By mid-13th century, an administrator under Pope Gregory IX, founded a hospital at an adjacent lot. For a time, it was an orphanage. A chapel, attached to a hospital, existed by 1378. From the 15th to the 18th century, the church and convent were attached to a Franciscan order.

The present layout dates from 1583, by designs of Pietro Fiorini. It was enlarged with the addition of four large chapels in 1680 under the designs of Giovanni Battista Bergonzoni, a Franciscan theologian.

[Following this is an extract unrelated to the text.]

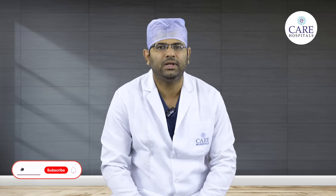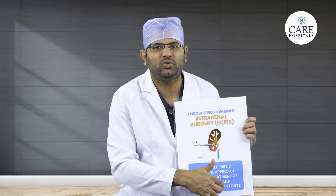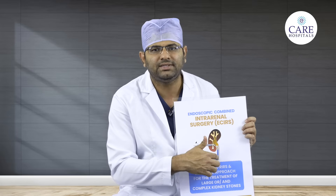For stones above 2 cm, 2.5 cm or 3 cm, or for complex stones present in both the ureter and kidney — including staghorn stones — there is a combined endoscopic approach called ECIRS, Endoscopic Combined Intrarenal Surgery. In ECIRS, the approach is simultaneously through the urethra (RIRS) and through a hole in the kidney (Mini PCNL), allowing complex and large stones to be cleared effectively with minimal complications, even in patients who cannot be turned to the prone position.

The interior is decorated with paintings by prominent Baroque painters. In the first chapel on the right is a Visitation by Il Galanino. In the 3rd chapel on the right is a Vision of St Elizabeth (1685) by Marc Antonio Franceschini. The third chapel to the left has a Holy Family with St Anthony of Padua(1680) by Felice Cignani. The most prominent work in the church, in the 1st chapel on the left, is the altarpiece depicting the Crucifixion (1583) by a 23-year-old Annibale Carracci. The painting originally was found in the church of San Nicolò di San Felice.

Other artists include Giovanni Valesio; Flaminio Torre (Virgin and Saints); Giovanni Battista Fiorini; Antonio Crespi; Luigi Quaini; and Luigi Crespi. The sacristy, designed also by Bergonzoni, has paintings by Gaetano Gandolfi, Jacopo Alessandro Calvi, and sculptures by Giovanni Francesco Bezzi.